Petrarch (in I Trionfi), long ago, told us that Fame triumphs over Death. How ironic that one of the mantras of the moment teaches us that the allotted time of personal celebrity for the common man is fifteen minutes -- that in that fifteen minutes each person may enjoy, by way of democratic necessity -- an entitlement it seems -- his or her destined glory; and for fifteen minutes he is a member of the elite, set up for the world to watch. At other times his badge must suffice -- the wristwatch escutcheon -- which, on his arm proclaims his membership in his clan of personal selection. Mona on a watch stands for the death of time; it deconstructs the age-old function of watches and redefines the watch into a message that looks out as much as it is looked upon. Once a symbol of transience, the wristwatch has become a symbol of transcendence, orchestrating an apotheosis into an everlasting state of triumph -- ignoring Petrarch's next admonition: Fame is undone by Time.

[Note: Turner, Inventing Leonardo. p. 125.]

To be an elite in contemporary society, to distinguish oneself from the masses, ironically, it is not always necessary to own expensive works; there is an elitism to be found in the popular and the cheap -- a reverse snobbery, a rejection of the fine and precious.

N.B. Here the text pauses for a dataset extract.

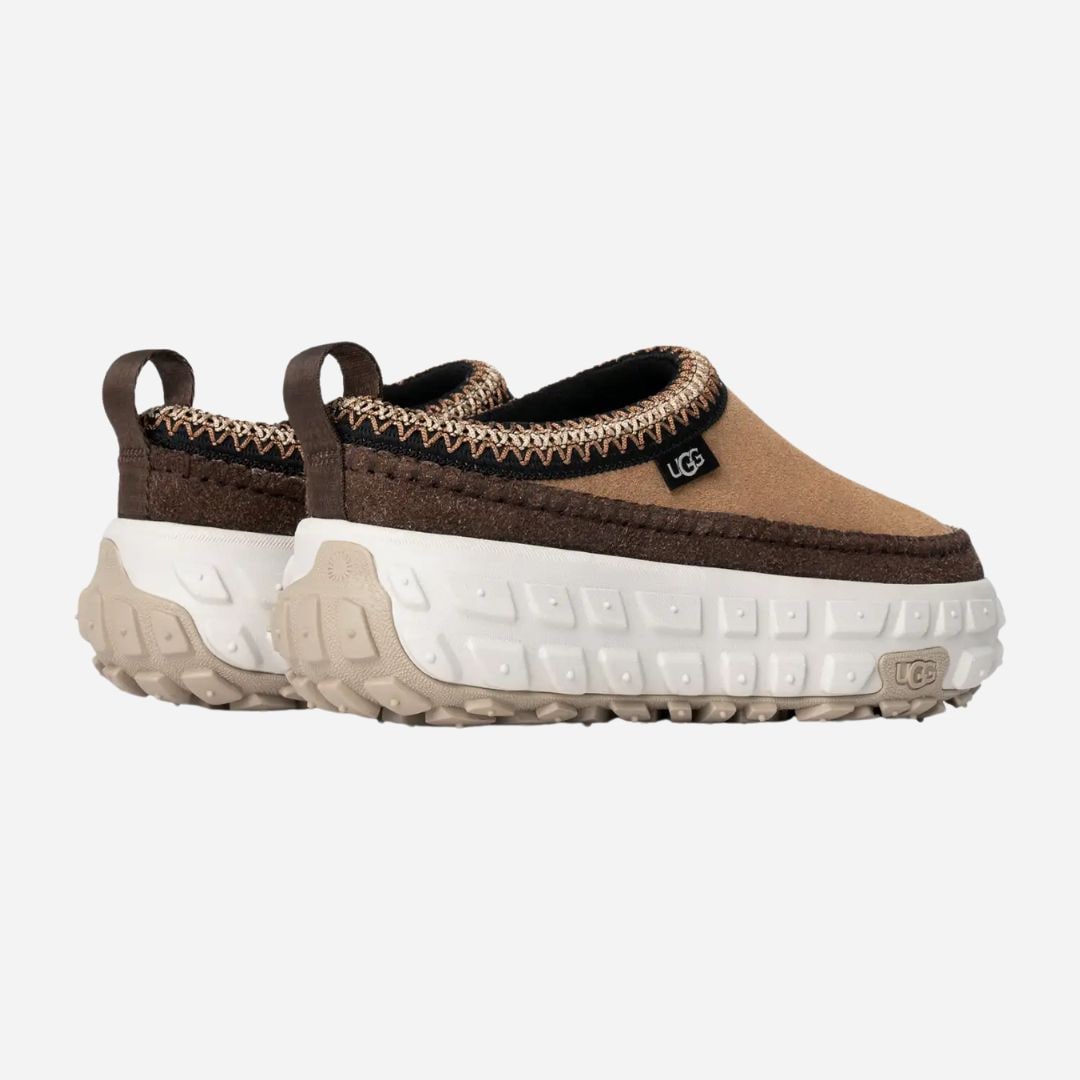 Uventure Daze Chestnut / Ceramic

In this class may be placed the inexpensively manufactured Swatch watches, and (related to these) the watch shown above (fig. 28a.) bearing the image of the Mona Lisa produced by LAKS-Watch (http://www.laks.com/english/332big.html). Here, a reproduction of the image of the Mona Lisa serves to identify the wearer as someone who knows that a timepiece must perform a higher purpose than raw function -- that it must lead the wearer and observer to a realization that possession of the object bestows style, elegance and class, not to mention the comfort of belonging to a class of individuals who prize individuality over the gaudy ostentation of gold and diamonds. Cleverly, in this case the designer has turned the entire watch -- face and band -- into a composition based on Mona Lisa motifs. While the face of the watch naturally reproduces the familiar visage of Leonardo's sitter, the wristband expands the conceit by providing fields onto which the composition can continue, here, with Mona Lisa's hands (below) and part of the famous landscape (above). The watch, which is de facto a bracelet, turns ornament into a continuous pictorial field, breaking with the tradition of using abstract design and repeating motifs for this kind of object.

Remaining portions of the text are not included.